Now to the issue of eminent domain. The club has leased the land for more than a century, and is now being asked to relocate so that the mounds can be properly embraced as an archaeological treasure. Moving the golf club, however, will require a tremendous amount of money, something that the 300 mostly blue-collar members says that they don’t have.
OHC, the nonprofit that has owned the site since 1933, is utilizing its powers of eminent domain in a lawsuit to buy back the club’s lease, which would hold another 57 years. The club disputes OHC’s right to break the contract. In January 2020, a state appeals court ruled in favor of OHC; and now the case is headed to the Ohio Supreme Court. OHC offered the club $800,000 to buy back the lease, based on its appraisal. But the OHC received a second appraisal of $1.75 million, which it did not disclose until a year later. Reports say that the club wants $12 million to relinquish its lease, which expires in 2078.
Joe Fraley, the attorney for Moundbuilders Country Club in the eminent domain proceedings, said the two issues are whether the OHC purchase offer was made in good faith, and if the trial court used the appropriate standard to determine the taking by eminent domain. He raised the issue of the two appraisals in his arguments. The Club has also argued that OHC’s public purpose (another pre-requisite for eminent domain) could be accomplished without eminent domain, by an expanded program of research, education services and preservation — and without ending the lease of a major employer in the area.

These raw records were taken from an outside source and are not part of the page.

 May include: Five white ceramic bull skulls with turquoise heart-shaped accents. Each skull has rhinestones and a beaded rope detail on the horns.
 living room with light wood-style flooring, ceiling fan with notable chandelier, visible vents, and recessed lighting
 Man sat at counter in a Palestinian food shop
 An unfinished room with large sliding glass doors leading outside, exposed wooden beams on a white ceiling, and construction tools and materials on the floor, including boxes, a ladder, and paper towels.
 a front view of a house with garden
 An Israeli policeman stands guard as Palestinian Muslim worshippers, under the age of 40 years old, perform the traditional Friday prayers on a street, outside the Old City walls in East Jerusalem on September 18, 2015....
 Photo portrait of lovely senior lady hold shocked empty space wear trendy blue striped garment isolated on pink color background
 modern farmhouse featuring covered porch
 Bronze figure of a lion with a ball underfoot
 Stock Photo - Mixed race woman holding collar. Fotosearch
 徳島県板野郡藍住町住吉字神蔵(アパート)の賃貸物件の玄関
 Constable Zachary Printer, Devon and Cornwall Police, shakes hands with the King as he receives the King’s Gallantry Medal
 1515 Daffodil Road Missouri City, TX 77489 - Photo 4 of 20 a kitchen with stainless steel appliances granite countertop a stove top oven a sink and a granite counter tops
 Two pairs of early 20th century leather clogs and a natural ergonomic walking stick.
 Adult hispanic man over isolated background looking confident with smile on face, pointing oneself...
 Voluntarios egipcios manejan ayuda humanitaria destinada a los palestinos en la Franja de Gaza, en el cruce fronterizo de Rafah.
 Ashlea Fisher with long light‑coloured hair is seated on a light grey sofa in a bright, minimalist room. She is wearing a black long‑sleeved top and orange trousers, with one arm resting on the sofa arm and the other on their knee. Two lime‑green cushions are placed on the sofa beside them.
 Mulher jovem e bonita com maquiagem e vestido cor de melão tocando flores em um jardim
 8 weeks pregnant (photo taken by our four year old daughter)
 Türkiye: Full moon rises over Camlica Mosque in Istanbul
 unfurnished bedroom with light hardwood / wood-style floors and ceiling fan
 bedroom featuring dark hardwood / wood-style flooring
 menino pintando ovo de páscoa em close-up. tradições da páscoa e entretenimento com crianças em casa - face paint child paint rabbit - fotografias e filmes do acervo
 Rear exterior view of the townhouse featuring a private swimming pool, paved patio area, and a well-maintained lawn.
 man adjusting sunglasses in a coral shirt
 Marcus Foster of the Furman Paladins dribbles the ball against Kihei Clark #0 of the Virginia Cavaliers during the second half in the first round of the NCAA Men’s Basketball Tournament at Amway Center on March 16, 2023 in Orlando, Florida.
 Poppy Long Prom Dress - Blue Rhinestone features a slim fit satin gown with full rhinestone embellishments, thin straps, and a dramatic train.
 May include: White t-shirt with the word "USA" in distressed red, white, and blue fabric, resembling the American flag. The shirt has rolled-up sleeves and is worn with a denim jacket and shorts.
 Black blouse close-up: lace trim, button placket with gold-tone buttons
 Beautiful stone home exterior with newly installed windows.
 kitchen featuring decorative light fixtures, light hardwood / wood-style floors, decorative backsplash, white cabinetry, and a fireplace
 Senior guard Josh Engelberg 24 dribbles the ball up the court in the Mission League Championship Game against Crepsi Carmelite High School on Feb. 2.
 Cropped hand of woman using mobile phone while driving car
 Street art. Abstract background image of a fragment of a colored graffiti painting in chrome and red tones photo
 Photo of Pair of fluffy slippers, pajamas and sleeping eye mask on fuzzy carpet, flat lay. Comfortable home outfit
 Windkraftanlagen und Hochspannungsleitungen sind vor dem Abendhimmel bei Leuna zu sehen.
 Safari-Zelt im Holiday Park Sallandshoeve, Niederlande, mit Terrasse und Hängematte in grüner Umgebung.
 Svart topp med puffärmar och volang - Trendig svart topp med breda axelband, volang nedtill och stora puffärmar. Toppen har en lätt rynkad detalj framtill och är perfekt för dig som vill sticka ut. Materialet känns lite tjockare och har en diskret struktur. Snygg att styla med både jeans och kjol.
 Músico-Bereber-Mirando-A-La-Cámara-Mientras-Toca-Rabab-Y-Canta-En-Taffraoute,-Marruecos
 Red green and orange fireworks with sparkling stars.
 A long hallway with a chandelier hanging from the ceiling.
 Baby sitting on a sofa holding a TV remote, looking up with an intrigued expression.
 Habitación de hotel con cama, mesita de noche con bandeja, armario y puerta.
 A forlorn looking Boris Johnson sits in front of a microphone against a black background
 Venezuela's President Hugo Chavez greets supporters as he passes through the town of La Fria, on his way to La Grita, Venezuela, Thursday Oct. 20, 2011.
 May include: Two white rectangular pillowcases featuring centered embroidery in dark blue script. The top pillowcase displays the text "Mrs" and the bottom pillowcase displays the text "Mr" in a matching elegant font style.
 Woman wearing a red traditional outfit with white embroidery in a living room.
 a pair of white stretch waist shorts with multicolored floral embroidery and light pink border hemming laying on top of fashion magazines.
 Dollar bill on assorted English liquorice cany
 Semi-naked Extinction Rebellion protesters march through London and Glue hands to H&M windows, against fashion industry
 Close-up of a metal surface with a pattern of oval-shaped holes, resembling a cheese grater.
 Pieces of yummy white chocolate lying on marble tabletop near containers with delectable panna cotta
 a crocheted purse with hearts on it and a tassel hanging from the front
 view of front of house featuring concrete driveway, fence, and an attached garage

Unlike New York eminent domain proceedings (which are almost impossible to stop or challenge successfully), the validity of Ohio eminent domain proceedings appear to heavily rely on whether the Condemnor (here OHC) made a good faith offer. If they did, then the end result is a valuation trial in front of a jury (as opposed to New York, where eminent domain trials are only heard by a judge, without a jury).